ねがいごと

加賀 魅月

本編

 ねえ、美散みちる。春だよ。あなたのいない季節が、また巡ろうとしているよ。ねえ、あなたがいないと寂しいよ。お姉ちゃん、とは最後まで呼ばせてくれなかった。でもね、美散。私、知ってたよ。美散が良い姉であろうとしたことも、誰よりも私の味方だったことも。私の姉。私の半身。……ねえ、お姉ちゃん。高校生になったよ。

 薄紅に着飾った桜が風に誘われ、ちらちらと舞い始めた春の始め、佐羽木さばき未咲みさきは新しい制服に身を包み、墓前で瞑目していた。

 その日は高校の入学式だった。美散と共に目指していた志望校の、未咲の、入学式だった。
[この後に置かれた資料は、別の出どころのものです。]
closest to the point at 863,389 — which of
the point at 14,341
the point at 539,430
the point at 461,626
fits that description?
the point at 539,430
「未咲、まだかかりそうかな。お母さん気分が悪くなっちゃったみたいでさ、連れて先に帰っちゃうな」

 手を合わせている未咲の背中に穏やかな父の声が聞こえた。うん、と小さく返して、うまく逃げたな、と頭の隅で父を思う。母を理由に立ち去ったが、父だってこの場に居たくはないはずだ。気負いすぎる母も、誠実な父も、双子の妹である未咲も。一人として佐羽木美散の死を受け入れられていないのだ。


「まったく、人生とは無情だ」

 どこからか聞こえた声に、未咲はびくりと反応する。母と父の姿は見えず、辺りには誰もいないはずだった。

「……だれ?」

 桜の木の陰から、小学生くらいの男の子がひょこりと現れた。

「こんにちは、ボクはヨハネ。羽を与えるで、与羽。キミの願いを叶えに来たよ」

 唖然として目を瞬かせる未咲の手を取って、勝手に握手をする。

 と言っても、三つだけだけれどね。あどけないウィンクをひとつして、与羽は話を始めた。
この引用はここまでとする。